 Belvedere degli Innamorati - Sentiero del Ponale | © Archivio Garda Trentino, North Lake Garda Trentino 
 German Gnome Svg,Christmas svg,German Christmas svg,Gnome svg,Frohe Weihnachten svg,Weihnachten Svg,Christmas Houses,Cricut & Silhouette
★ ★ ★
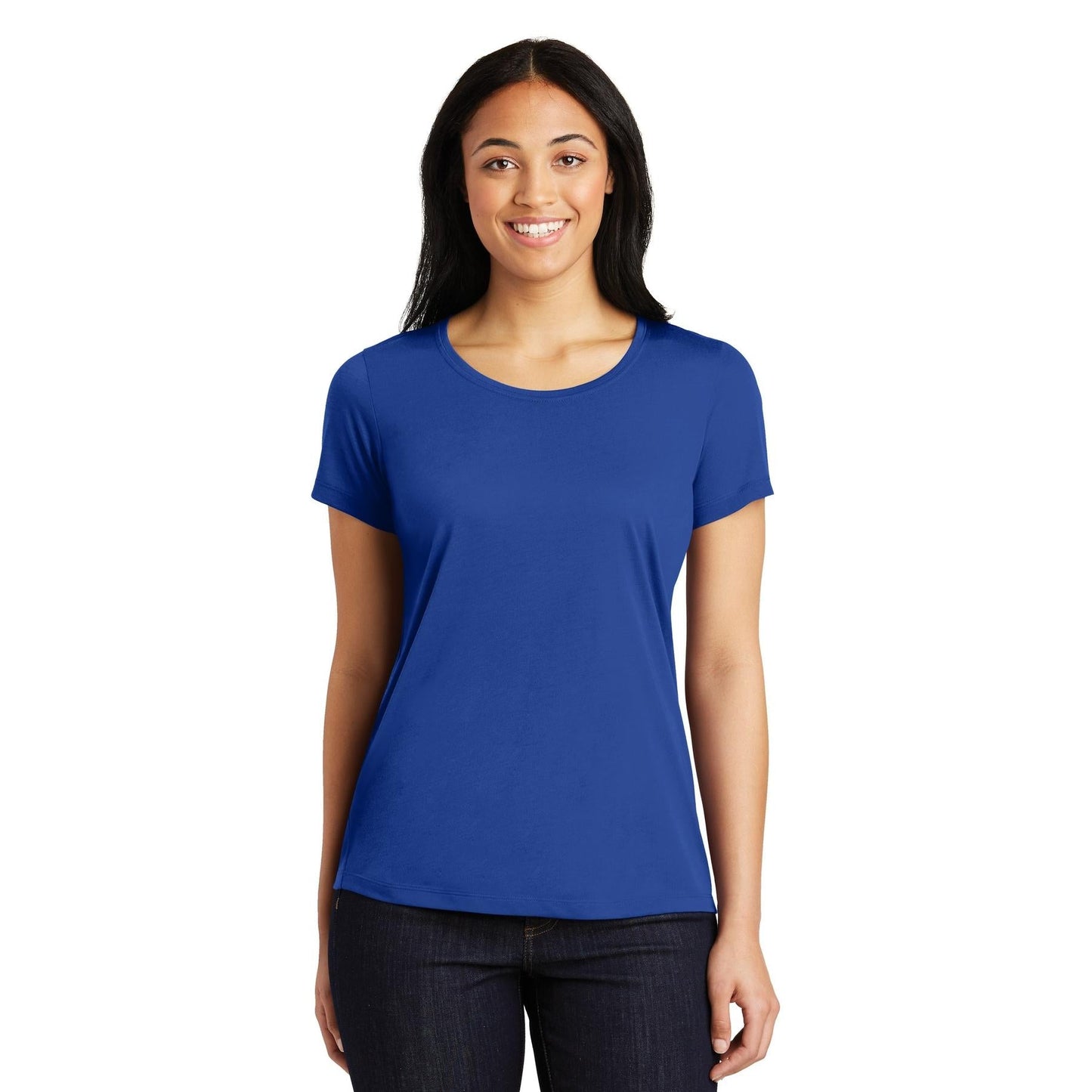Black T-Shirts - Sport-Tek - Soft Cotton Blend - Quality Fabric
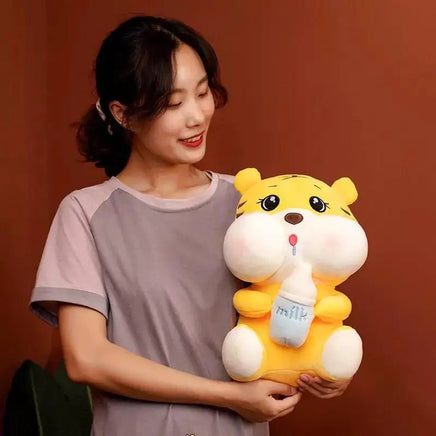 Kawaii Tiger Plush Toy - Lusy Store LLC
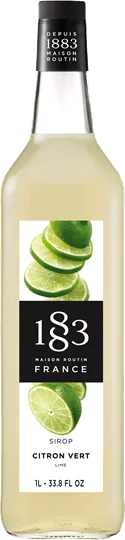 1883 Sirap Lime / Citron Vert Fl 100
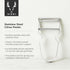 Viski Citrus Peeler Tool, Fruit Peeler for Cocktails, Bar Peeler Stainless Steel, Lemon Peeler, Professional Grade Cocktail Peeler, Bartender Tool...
★ ★ ★
* _WHAT IS EXPECTED_:
A clean copy is needed of the lines in the listing above from the one with "Kawaii Tiger Plush Toy - Lusy Store LLC" through the one with "Viski Citrus Peeler", exact in every word and free of pictures.

* _SOLUTION TO THIS PROBLEM_:
 Kawaii Tiger Plush Toy - Lusy Store LLC
 1883 Sirap Lime / Citron Vert Fl 100
 Viski Citrus Peeler Tool, Fruit Peeler for Cocktails, Bar Peeler Stainless Steel, Lemon Peeler, Professional Grade Cocktail Peeler, Bartender Tool...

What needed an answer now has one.